Chant XVII, verset 121
Dessin de Gustave Doré, gravure sur bois de Bonnet Dupeyron.
Planche hors texte imprimée dans L'Enfer de Dante Alighieri, avec les dessins de Gustave Doré. Traduction française de Pier-Angelo Fiorentino, accompagnée du texte italien.

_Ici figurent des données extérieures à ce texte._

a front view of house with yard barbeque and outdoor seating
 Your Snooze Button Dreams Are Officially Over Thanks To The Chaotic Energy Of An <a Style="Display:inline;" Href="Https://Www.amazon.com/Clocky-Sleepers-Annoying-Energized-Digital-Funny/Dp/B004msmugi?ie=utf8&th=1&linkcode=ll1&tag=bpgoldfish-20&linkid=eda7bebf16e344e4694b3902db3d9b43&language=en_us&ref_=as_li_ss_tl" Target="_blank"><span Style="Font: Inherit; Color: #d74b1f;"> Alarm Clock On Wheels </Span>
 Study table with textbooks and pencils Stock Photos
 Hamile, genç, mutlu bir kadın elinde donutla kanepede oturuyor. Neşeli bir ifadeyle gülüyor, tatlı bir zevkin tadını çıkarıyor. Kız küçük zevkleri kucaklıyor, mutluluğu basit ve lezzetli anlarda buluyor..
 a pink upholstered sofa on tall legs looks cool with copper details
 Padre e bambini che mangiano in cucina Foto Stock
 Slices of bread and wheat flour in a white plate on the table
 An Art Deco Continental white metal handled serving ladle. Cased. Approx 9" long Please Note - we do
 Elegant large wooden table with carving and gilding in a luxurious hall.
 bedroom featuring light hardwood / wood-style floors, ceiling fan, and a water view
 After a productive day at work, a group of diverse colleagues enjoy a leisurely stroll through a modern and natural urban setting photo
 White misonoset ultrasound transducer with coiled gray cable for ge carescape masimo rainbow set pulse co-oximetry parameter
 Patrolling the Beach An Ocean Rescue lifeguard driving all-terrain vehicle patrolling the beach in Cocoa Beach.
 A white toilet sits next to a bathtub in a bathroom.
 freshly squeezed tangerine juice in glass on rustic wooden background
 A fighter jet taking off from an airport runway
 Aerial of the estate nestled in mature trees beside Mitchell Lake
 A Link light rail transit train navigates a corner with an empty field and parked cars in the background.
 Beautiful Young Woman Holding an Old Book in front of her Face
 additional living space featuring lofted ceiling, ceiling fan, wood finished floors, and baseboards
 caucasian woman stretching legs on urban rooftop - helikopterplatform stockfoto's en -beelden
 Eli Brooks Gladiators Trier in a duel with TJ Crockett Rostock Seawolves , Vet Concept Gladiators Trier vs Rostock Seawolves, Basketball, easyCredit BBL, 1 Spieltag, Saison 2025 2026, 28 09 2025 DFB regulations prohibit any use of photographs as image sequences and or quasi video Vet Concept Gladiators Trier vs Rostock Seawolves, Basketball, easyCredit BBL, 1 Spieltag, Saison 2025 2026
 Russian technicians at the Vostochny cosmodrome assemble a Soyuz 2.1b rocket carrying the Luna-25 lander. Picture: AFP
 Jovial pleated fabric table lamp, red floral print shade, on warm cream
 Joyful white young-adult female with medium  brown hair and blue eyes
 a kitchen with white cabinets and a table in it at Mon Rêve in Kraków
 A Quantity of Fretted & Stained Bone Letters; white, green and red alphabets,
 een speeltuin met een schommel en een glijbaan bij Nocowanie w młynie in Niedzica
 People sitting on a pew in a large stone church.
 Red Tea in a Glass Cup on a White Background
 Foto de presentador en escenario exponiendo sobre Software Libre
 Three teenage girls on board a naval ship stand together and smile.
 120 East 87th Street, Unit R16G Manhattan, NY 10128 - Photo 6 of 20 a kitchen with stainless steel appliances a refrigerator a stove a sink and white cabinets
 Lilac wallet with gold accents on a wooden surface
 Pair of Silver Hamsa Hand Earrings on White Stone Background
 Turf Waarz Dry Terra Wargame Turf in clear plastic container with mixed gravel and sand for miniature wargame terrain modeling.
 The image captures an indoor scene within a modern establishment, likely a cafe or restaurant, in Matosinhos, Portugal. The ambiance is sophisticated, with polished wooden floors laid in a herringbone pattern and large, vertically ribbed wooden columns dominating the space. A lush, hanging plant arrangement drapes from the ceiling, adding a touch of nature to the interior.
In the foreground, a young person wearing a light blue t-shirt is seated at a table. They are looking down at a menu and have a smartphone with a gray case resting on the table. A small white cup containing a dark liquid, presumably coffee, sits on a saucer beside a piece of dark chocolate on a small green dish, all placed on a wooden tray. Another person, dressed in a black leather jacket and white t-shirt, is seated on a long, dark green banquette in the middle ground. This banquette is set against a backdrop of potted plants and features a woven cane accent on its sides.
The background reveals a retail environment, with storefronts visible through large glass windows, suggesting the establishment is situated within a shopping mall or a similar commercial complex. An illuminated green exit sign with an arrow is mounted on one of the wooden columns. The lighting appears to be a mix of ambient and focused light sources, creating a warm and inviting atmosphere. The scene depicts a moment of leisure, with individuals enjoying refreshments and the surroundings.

Louis Hachette (Paris), 1861, p. 88.
BnF, Réserve des livres rares, Smith Lesouëf R-6277
© Bibliothèque nationale de France
« Ils ne furent pas saisis d'une plus grande peur que moi, lorsque je me trouvai suspendu dans l'air sans voir autre chose que la bête. Elle s'en va nageant lentement, lentement tourne et descend ; mais je ne m'en aperçois qu'au vent qui me frappe et de front et par-dessous. Et déjà j'entendais le torrent mugir avec un terrible fracas au-dessous de nous, à droite ; c'est pourquoi je penchai la tête et regardai en bas. Alors ma terreur redoubla à l'aspect de l'abime ; car je vis des feux et j'entendis des pleurs, et, tout tremblant, je me ramassai sur moi-même. Et je compris alors, aux grandes douleurs qui s'approchaient de toutes parts, ce que je n'avais pas compris auparavant, que je tournais et que je descendais. »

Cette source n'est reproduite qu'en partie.